So let me do a little experiment by proposing this simple hypothetical standard:

  • A word/root can be considered PIE if it is attested (with regular reconstructions from the putative PIE root) in at least one language in each of these two groups (Group A and group B), and being attested in a minimum of three of them in total.
  • Group A: Greek (ancient, here and onwards unless specified as ‘modern’), Latin and Celtic.
  • Group B: Anatolian, Indo-Iranian (again, ancient unless specified otherwise) and Tocharian.

The reasoning here is that the languages in these two groups are less likely to share post IE expansion vocabulary, because they are ancient ones (even if Tocharian is attested quite late, but its isolation helps to keep the chances of later borrowing from Group A languages) and there’s not much evidence of later contacts (though the case of Indo-Iranian might be debatable until we don’t figure out its specific origin).

With this hypothetical standard in place, how would some of the presumed IE roots fair when measured against it? Well, this is a labour that I can’t do here in any great extent, so I’ll just look at a few cases based on the following resource which is easy and accessible to everyone:

Holm, Hans J. (2016, in progress): >Indo-European Universal Concepts List (M. Swadesh’s 1971=final meanings). With “unmarked” translations in 17 representative extinct and modern IE languages. From

  • Water: 7 different roots are mentioned. The first one², wód-r̥ {sing}, auwed-(r)– < h₂wédōr {koll}, would comply with the requirements mentioned above, as it is attested (from that list of 17 languages) in Russian, Lithuanian, Old Icelandic, Norwegian (Bokmål), Old Irish, Modern Irish, Latin, Albanian, Greek, Hittite and Sanskrit. The second one, h₂ekweh₂– ‘(running) water’, only appears in Italian and Latin (aqua, also present in other Romance languages) in that list, so it wouldn’t comply. From the other 5, if we accept what are marked as “deviant meaning”, one of them, ap– < eh₂p– ‘water, river’³, appears in Greek, Hittite, Tocharian B, Avestan and Sanskrit, so it would qualify too. Overall, 2 out of 7.
  • Sun: 6 roots are listed. One of them would qualify (1 out of 6)
  • Leaf: 1 out of 12 listed would qualify
  • Woman: 1 out of 7.
  • White: 1 out of 12.
  • Knee: 1 out of 3
  • Moon: 1 out of 8
  • Green: 1 out of 8
  • Man: 2 out of 10
  • Liver: 1 out of 9

I certainly can’t certify the accuracy of either the list provided above (it’s marked as a “work in progress, for lexicostatistical purpose only”), nor the validity of either the example standard I proposed or the precise counting of how many roots conform with it if confronted with additional resources. However, I think that the picture is clear enough to say that those details would only increase the accuracy (probably adding a small number of words to those that qualify) but wouldn’t change the outcome overall.

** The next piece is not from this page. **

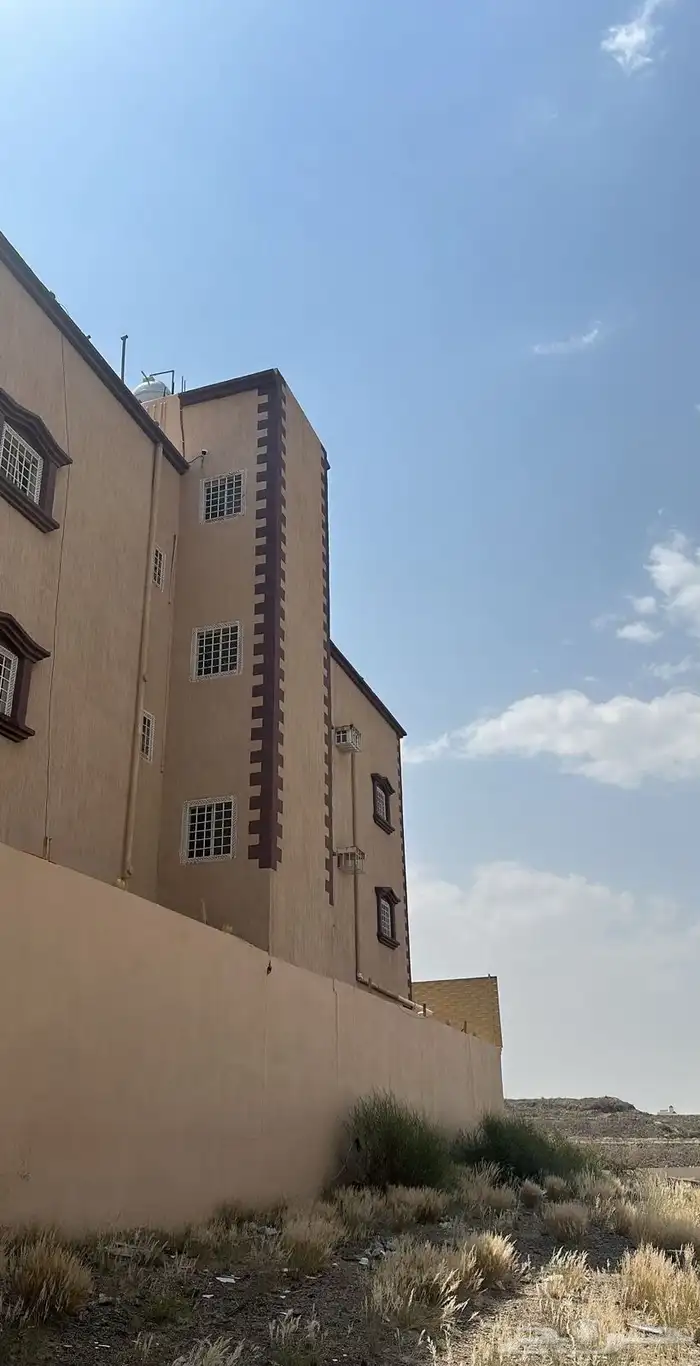طلب رخصة .  عماره 6 شقق لل بيع المحالة ابها 0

So to reiterate: PIE is not the same as IE-ised. And while setting some standard can mean that we leave a few real PIE roots out because we can’t prove them reliably enough to be PIE (that’s always going to be the case, not just with this specific subject), it’s still a better situation than throwing everything into the (same) basket.


Back to the substrates

So with this in mind let’s get back to the substrates in Catalonia and hopefully we can now understand better the reasons for those statistics. But first let me point out an additional methodological limitation which is mentioned in the paper (emphasis mine):

Such an inquiry [about the substrates] is not without difficulties. For one thing, we have only a limited knowledge of the vocabulary of Iberian, which is not related to any other known language, and can only identify toponyms as “Iberian” if one or more of the name elements appear in Iberian inscriptions (which consist largely of personal names).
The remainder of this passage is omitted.